To answer your questions:
[2017-10-24 17:15:57,020][ERROR][marvel.agent ] [this.is.the.server.name] background thread had an uncaught exception
ElasticsearchException[failed to flush exporter bulks]
Suppressed: ElasticsearchException[failed to flush [default_local] exporter bulk]; nested: ElasticsearchException[failure in bulk execution:
: index [.marvel-es-1-2017.10.24], type [node_stats], id [AV9QPQR2OX3ZaVlWAb_2], message [UnavailableShardsException[[.marvel-es-1-2017.10.24] primary shar
d is not active Timeout: [1m], request: [BulkShardRequest to [.marvel-es-1-2017.10.24] containing  requests]]]];
... 3 more
Caused by: ElasticsearchException[failure in bulk execution:
: index [.marvel-es-1-2017.10.24], type [node_stats], id [AV9QPQR2OX3ZaVlWAb_2], message [UnavailableShardsException[[.marvel-es-1-2017.10.24] primary shard is not active Timeout: [1m], request: [BulkShardRequest to [.marvel-es-1-2017.10.24] containing  requests]]]]
... 3 more
Also there are so many more shards for the dates after 2000 because that's the lion's share of the data. The indices get created pertaining to the date the document was generated. an example of an index would be sf_ab_doc__1998_03__v2.1 . Right now in a testing ES cluster, we have about 606 indices with a few million documents and about 6500 shards.

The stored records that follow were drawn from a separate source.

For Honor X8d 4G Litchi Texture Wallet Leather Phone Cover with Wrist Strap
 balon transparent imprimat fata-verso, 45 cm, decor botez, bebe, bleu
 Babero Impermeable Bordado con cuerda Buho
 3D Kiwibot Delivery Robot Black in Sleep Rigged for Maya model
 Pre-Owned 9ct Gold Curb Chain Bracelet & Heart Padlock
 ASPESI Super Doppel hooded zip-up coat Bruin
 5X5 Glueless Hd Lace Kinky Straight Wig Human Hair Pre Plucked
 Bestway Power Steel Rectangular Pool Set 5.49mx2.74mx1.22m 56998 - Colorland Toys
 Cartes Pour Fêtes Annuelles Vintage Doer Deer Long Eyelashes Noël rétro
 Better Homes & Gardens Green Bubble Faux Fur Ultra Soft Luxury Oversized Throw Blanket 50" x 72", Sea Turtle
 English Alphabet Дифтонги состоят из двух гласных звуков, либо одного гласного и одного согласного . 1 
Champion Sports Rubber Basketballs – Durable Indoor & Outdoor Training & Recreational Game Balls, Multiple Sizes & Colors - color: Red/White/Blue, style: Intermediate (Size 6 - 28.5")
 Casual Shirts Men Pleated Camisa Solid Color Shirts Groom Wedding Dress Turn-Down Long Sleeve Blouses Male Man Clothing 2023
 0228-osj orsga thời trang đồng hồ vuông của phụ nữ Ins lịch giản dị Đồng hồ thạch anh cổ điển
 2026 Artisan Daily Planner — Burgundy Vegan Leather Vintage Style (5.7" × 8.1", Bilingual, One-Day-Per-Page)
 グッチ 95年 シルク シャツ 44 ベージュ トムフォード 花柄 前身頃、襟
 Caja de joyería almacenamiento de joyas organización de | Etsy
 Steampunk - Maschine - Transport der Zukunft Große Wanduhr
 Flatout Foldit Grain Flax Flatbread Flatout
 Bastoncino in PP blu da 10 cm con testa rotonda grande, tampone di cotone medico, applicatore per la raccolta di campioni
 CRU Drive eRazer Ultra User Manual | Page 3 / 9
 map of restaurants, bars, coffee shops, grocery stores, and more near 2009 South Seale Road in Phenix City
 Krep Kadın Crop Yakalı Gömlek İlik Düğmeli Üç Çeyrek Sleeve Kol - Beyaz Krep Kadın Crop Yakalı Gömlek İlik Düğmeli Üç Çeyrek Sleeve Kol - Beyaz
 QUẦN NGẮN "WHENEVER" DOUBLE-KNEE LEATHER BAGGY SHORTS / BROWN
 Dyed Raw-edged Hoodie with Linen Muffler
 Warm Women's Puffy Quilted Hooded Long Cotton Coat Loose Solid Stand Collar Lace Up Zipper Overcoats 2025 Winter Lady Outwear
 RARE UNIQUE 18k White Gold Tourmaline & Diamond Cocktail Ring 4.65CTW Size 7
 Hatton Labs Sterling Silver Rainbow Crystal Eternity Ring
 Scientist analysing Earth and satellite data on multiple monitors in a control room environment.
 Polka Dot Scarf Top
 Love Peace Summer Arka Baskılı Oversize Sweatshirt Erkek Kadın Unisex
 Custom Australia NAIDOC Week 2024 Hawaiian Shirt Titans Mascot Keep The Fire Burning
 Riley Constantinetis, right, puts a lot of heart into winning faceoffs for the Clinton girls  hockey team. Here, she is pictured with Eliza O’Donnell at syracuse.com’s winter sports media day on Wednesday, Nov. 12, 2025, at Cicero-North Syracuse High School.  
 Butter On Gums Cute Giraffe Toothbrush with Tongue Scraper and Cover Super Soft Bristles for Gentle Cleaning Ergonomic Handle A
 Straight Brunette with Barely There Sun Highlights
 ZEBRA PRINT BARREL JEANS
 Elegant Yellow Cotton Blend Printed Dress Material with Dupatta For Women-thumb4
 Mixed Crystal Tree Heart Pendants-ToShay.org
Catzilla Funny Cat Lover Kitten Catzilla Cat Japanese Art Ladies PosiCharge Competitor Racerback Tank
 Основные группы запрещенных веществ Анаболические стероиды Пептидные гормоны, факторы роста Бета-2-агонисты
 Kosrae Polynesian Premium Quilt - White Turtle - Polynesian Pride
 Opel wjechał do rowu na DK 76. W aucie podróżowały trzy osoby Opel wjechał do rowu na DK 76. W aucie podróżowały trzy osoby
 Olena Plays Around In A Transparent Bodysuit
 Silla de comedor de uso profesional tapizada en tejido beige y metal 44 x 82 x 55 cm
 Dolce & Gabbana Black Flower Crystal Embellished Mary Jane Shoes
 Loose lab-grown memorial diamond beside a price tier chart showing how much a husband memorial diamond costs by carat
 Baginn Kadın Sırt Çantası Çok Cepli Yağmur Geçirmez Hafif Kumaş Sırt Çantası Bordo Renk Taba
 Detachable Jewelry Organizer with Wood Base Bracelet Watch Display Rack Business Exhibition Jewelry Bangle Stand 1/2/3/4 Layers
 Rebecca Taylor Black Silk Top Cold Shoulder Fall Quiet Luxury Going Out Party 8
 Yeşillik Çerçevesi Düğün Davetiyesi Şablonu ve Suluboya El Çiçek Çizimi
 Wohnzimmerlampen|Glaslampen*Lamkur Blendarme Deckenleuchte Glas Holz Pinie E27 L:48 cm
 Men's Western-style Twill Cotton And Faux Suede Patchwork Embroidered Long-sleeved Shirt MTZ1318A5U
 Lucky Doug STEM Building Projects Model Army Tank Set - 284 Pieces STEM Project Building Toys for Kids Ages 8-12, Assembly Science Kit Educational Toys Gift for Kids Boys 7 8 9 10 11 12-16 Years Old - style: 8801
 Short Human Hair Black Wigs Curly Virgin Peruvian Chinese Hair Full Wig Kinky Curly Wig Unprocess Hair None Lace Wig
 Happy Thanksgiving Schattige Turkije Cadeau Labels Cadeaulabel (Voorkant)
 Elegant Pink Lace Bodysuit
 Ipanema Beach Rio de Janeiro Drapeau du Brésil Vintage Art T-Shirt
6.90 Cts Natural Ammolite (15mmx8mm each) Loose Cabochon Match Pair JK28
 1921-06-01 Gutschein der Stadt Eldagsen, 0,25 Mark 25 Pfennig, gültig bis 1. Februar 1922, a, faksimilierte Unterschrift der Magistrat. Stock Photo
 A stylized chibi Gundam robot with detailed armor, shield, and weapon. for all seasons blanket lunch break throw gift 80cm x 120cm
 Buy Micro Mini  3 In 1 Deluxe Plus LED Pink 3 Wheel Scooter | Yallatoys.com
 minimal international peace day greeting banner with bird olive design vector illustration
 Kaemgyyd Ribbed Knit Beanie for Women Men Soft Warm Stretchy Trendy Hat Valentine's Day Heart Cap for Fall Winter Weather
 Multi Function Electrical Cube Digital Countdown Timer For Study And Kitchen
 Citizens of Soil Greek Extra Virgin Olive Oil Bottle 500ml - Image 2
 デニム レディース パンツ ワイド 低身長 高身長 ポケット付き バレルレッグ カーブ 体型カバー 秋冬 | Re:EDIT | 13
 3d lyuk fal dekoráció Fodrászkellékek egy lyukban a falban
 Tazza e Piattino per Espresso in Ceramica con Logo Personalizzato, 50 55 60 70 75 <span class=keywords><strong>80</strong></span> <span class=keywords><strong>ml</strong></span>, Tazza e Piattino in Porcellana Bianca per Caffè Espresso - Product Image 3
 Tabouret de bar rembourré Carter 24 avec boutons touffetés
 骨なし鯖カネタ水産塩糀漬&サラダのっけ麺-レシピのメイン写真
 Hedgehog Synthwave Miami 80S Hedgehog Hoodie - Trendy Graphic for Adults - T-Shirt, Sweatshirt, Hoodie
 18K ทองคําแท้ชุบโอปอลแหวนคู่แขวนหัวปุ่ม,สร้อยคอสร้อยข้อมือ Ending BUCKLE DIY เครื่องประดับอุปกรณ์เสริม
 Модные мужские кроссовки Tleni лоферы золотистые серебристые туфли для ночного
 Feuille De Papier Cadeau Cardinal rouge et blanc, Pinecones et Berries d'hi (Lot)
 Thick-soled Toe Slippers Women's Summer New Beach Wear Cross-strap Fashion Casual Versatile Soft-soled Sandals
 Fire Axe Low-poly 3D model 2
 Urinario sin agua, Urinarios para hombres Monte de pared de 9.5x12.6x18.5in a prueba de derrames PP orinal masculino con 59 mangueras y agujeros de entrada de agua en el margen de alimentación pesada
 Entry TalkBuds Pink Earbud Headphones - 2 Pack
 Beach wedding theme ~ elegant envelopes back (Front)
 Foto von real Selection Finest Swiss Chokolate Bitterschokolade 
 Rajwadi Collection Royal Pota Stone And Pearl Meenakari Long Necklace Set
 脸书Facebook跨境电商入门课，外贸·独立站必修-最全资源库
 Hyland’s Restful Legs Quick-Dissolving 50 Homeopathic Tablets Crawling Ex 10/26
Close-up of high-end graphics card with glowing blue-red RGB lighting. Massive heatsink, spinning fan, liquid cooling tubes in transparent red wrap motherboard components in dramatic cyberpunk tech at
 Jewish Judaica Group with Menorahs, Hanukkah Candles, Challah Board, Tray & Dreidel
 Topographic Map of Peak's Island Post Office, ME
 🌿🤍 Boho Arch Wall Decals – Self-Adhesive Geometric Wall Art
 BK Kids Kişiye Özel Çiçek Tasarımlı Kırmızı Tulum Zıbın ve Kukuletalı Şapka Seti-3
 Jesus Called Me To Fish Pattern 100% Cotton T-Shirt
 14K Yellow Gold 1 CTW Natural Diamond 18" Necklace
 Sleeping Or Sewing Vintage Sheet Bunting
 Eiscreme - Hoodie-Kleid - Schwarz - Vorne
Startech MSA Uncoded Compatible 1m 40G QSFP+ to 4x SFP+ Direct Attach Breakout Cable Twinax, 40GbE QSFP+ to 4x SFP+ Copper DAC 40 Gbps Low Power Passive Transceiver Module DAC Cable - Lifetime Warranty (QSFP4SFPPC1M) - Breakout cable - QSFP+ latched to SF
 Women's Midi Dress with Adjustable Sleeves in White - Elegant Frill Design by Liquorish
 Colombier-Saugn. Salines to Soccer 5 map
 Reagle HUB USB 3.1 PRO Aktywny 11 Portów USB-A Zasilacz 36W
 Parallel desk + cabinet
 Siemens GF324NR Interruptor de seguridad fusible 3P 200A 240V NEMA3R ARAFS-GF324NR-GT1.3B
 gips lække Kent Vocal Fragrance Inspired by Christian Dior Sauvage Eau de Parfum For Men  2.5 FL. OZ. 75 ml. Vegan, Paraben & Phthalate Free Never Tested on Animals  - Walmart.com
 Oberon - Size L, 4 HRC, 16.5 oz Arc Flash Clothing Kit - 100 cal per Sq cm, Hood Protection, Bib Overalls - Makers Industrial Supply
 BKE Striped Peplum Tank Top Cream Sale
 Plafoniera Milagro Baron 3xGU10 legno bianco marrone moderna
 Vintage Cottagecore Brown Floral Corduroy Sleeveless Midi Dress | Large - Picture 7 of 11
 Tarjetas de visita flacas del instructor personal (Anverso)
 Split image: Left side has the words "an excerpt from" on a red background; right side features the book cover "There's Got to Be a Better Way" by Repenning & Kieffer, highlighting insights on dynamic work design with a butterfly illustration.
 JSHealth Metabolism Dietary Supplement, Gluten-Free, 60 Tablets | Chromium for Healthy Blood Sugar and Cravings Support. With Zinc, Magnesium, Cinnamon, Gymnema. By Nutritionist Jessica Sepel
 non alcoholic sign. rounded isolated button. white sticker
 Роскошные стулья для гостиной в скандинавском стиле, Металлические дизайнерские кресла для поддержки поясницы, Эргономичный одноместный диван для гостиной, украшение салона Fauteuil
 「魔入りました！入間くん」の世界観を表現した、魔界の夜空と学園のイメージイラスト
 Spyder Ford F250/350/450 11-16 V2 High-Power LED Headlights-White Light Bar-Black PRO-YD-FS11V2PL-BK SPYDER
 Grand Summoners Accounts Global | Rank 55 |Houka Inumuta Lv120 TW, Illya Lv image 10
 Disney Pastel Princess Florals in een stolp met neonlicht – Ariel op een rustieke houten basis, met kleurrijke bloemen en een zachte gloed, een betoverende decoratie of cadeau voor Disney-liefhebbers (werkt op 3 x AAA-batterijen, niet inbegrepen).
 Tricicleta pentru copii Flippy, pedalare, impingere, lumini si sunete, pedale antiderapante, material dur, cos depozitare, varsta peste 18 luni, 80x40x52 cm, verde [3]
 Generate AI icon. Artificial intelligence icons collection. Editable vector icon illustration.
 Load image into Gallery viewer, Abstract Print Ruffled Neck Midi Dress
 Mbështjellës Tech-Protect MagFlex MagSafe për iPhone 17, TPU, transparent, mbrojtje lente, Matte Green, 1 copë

The indices are stored in cluster state. The shards are stored in a routing table, which is also in the cluster state. Every time a shard changes state (when created, started, recovered, initialised, moved) it needs to update the routing table and thus cluster state. And in 2.X the entire cluster state was updated and then sent to all other nodes in the cluster, whereas in 5.X we send just the changes that are made which is way more efficient.
Cluster state updates are generally done single-threaded in order to ensure consistency. The changes are then propagated to all the nodes in the cluster. In addition to adding or altering indices and changing the location and state of shards, changes to mappings also require the cluster state to be updated. If you therefore are using dynamic mappings and have frequent changes/additions, this will result in an even larger number of cluster state changes.